Each line of the data must be written out again verbatim; no image belongs in the copy.

Stored records:
Start of Block

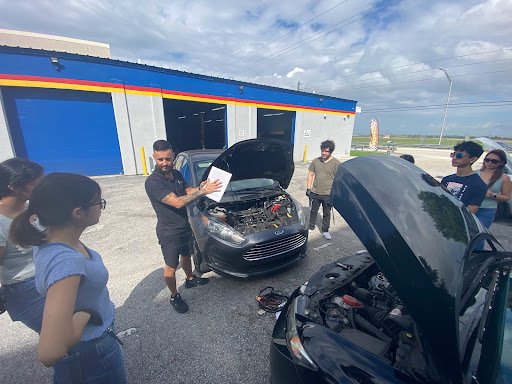 Mechanic «The Car Clinic of Miami», reviews and photos, 14271 SW 120th St #110, Miami, FL 33186, USA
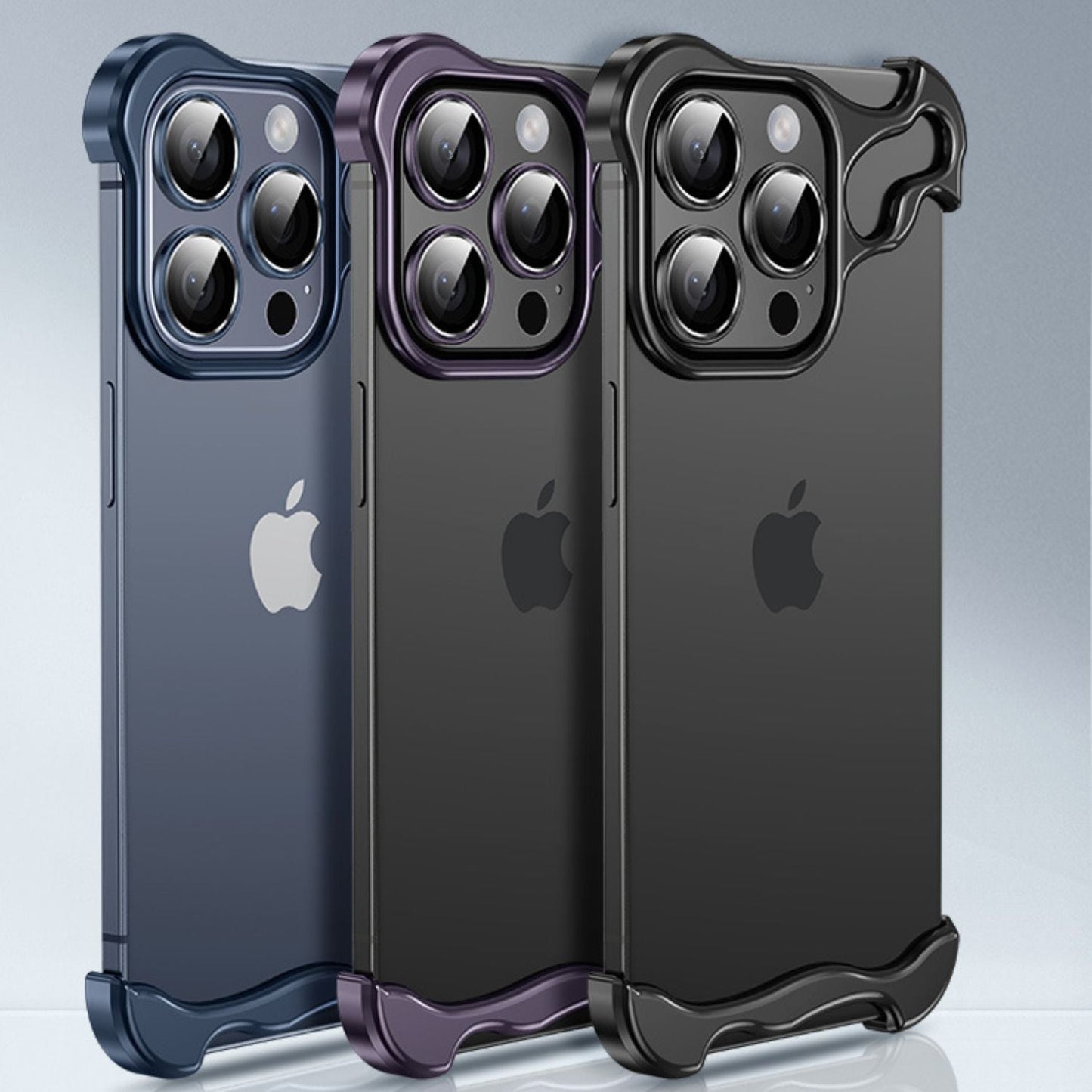 iPhone 16 Pro Max Case - Minimalist, Durable | Protection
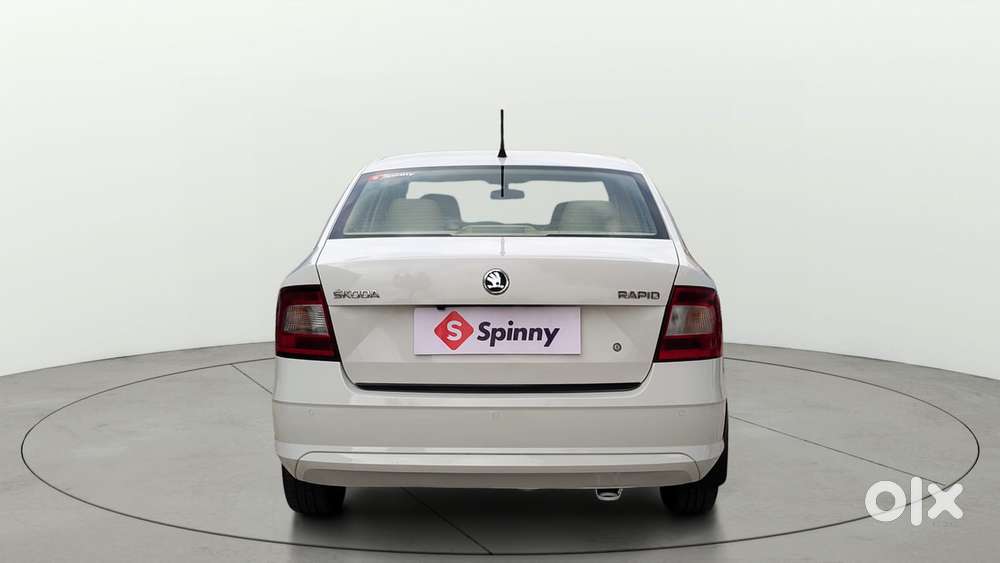 Skoda Rapid 1.0 Tsi Active, 2021, Petrol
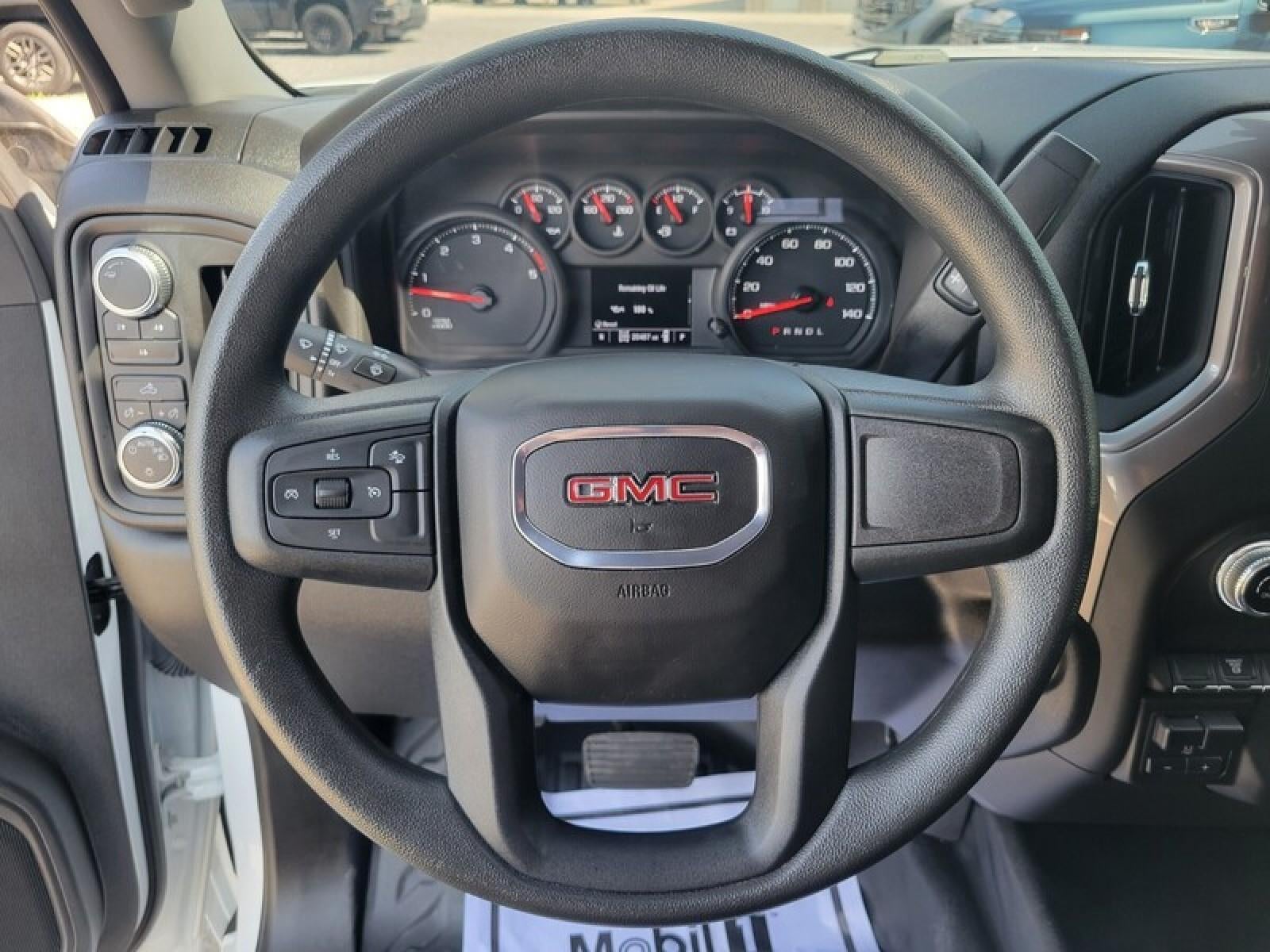 2025 GMC Sierra 2500 HD Pro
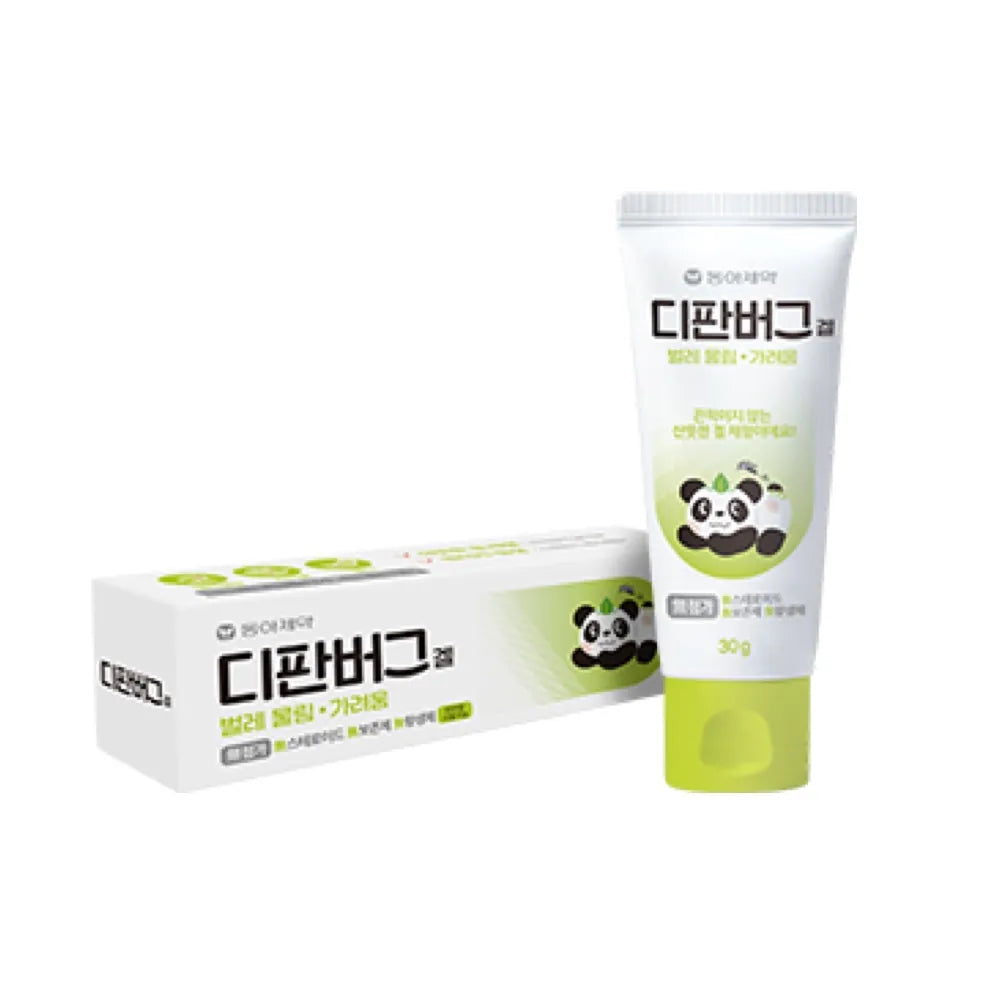 DONG-A PHARM  D-panbug D-Panbug gel 30g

End of Block

**Answer area:**
 Mechanic «The Car Clinic of Miami», reviews and photos, 14271 SW 120th St #110, Miami, FL 33186, USA
 iPhone 16 Pro Max Case - Minimalist, Durable | Protection
 Skoda Rapid 1.0 Tsi Active, 2021, Petrol
 2025 GMC Sierra 2500 HD Pro
 DONG-A PHARM  D-panbug D-Panbug gel 30g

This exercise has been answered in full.